Kris se quedó algo sorprendida, pero no le resultó demasiado complicada la pregunta.

—Soy una oficial en activo, señor. Seguiré las órdenes de mi oficial de mando y dirigiré a mis tropas —contestó, desviando la pregunta.

—Así que hará lo que le ordenen, básicamente —dijo el doctor, que casi se cae al intentar acercar su silla. Un amigo lo ayudó a mantener el equilibrio.

—Soy nueva en estos menesteres, apenas me acaban de nombrar alférez, pero supuestamente debemos seguir las órdenes que nos lleguen —contestó Kris sonriendo mientras daba un paso atrás para retirarse. Sin embargo, no le sirvió para salir del círculo de la conversación.

—Pero ¿dejaría de cumplirlas si puede lograr el bien común? —apuntó un comandante que llevaba dos mosquetes cruzados en la chaqueta—. Si algún idiota me ordena atacar un búnker que esté defendido hasta los dientes, se entiende que puedo usar una bomba de humo y buscar un lugar para flanquearlo. —Sus compañeros asintieron ante su afirmación—. ¿Importa más nuestro deber que el bien común? Que yo recuerde, fue un Longknife quien mató al presidente Urm. ¿Acaso estaba siguiendo órdenes de algún superior?

—No —reconoció Kris.

—Cuando prolifera el mal, el soldado puede actuar por su cuenta y riesgo si persigue el bien común, ¿o no?

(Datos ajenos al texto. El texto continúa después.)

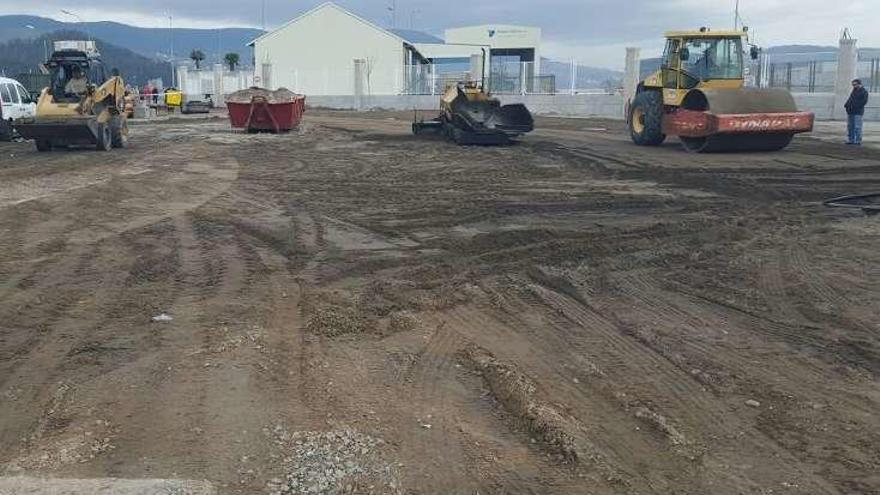 Obras en la explanada de estacionamiento del puerto. // S.A.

—Los libros que leí decían que Urm era un tipo bastante malvado —confirmó Kris—. Pero hoy en día no existe nadie así, ¿no? —Kris quería zanjar la conversación. No parecía que nadie estuviera tomando nota de lo que se hablaba, pero siempre existía la posibilidad de que alguien estuviera grabando con el ordenador—. Nelly —dijo Kris entre dientes—, empieza a grabar. —Al menos así tendría una transcripción de la conversación si finalmente salía a la luz en los medios de comunicación de Bastión.

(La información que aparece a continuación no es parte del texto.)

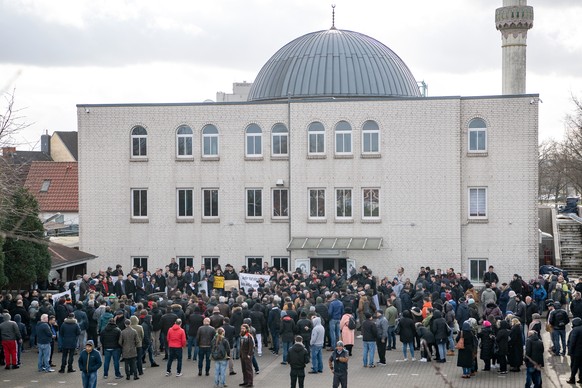 21.02.2020, Bremen: Teilnehmer einer Mahnwache haben sich vor der Fatih-Moschee versammelt. Nach dem Terrorakt in Hanau und einer Bombendrohung gegen die Bremer Moschee am Mittwoch (19.02.2020) wird e ...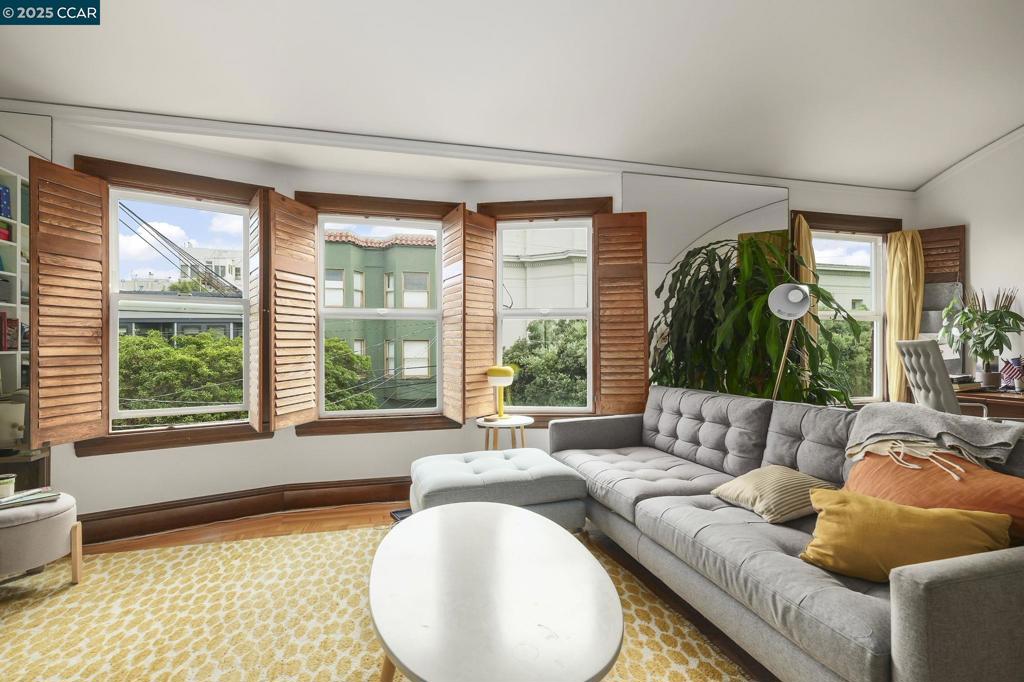 DOLORES - Residential Income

—Cierto, cuando la maldad es tan evidente como en el caso de Urm, es mucho más fácil saber cuál es el deber de un soldado. Pero si se trata de una persona insípida, tibia, que va minando el alma y la mente de la humanidad poco a poco, ¿qué se debe hacer? Es la clase de maldad que pretende transformar la virtud en vicio, mientras maquilla el vicio como virtud poco a poco todos los días. —No era necesario que Kris contestase a eso, había aprendido hacía mucho tiempo que a veces era mejor callarse la boca. Ningún periodista podría sacar nada de un silencio.